### Task description
Below are the records; copy exactly the stretch from the line containing "Ramona Soft Satin" through the line containing "和製アンティーク　木目が美し", both ends included, and nothing else.

### Recorded data
□ □ □ □ □ □ □
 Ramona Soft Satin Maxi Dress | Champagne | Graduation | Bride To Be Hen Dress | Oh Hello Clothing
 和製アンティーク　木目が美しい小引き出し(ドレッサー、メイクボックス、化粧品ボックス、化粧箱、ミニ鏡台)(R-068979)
□ □ □ □ □ □ □
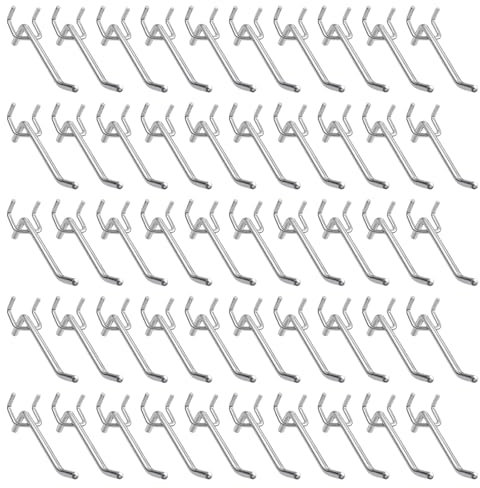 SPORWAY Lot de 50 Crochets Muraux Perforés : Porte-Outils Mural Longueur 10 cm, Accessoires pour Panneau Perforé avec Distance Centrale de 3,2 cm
□ □ □ □ □ □ □
### Reply
 Ramona Soft Satin Maxi Dress | Champagne | Graduation | Bride To Be Hen Dress | Oh Hello Clothing
 和製アンティーク　木目が美しい小引き出し(ドレッサー、メイクボックス、化粧品ボックス、化粧箱、ミニ鏡台)(R-068979)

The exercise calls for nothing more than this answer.